Making space for cycling has hit the main stream - big rides, campaigns, new guidance. It's all really good stuff, but I can't help feeling there's one small point that's missing.
All the reasons given for infrastructural change/making space for cycling are brilliant - especially making people feel safer (often referred to as subjective safety). But there's an aspect of this, which I think Kim Harding first helped me understand, which is underplayed.
Essentially, most drivers are careful, considerate, and concerned about causing accidents. That doesn't always mean they remember everything in the Highway Code, or even get it right every-time. But mostly, and most of the time, they're trying to get it right.
The problem is that our infrastructure is currently very unforgiving. So, a small mistake, inattention, or just plain bad judgement can lead to very serious consequences.
And this is why it is so scary to take kids out on the roads, because you can't always trust them to stay focussed. And sometimes they look in the wrong direction, and their handlebars follow... Or an adult cyclist hits a pothole, or gets a puncture.... Or a driver misjudges the distance of their overtake, or opens a car door without shoulder checking, or just forgets to indicate....
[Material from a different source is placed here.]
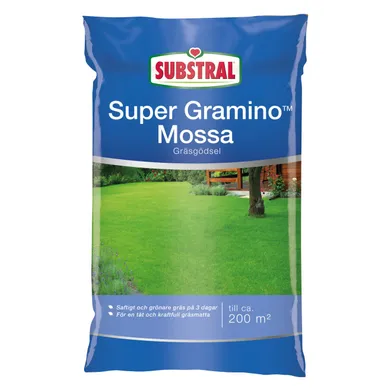 Gräsgödsel mot mossa. Substral super gramino 6,25kg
Infrastructure that 'forgives' these small mistakes by channelling bikes on the inside of cars, with space for doors, or making intersections safe for cyclists, is what makes us feel safer.
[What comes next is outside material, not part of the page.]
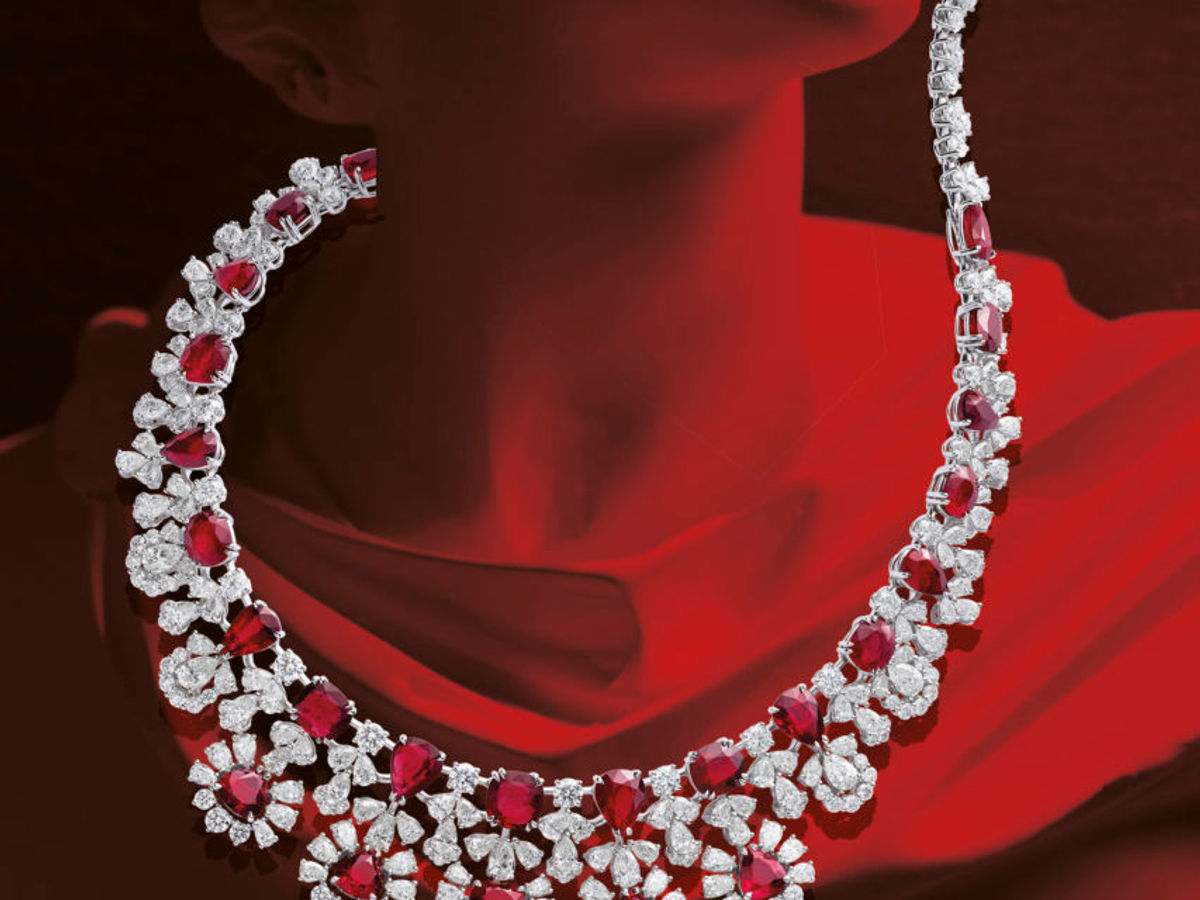 RUBY AND DIAMOND NECKLACE, GRAFF, Fine Jewels, 2020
So, when we call for redesigns around schools, on residential roads, commuter routes, shopping areas, it's not just about making it easier for people to cycle, shop and walk, nor about the environment and health, but it's also about making the environment shape how drivers, cyclists and pedestrians behave in it.
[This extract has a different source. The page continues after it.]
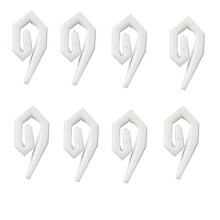 Merriway BH04577 Nylon Curtain Hooks - White, Pack of 200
Countries that have higher rates of cycling also have lower rates of injuries - especially deaths. It's not that their drivers are any better (although it probably does help that more of them cycle), it's that their environment is the fundamental determinant underlying the ways in which they interact.
Maybe this was obvious to everyone else, but in a country where 'education' is prioritised above 'infrastructure' in the Road Safety Framework (link - see top of page 18), it seems like an important point to spell out.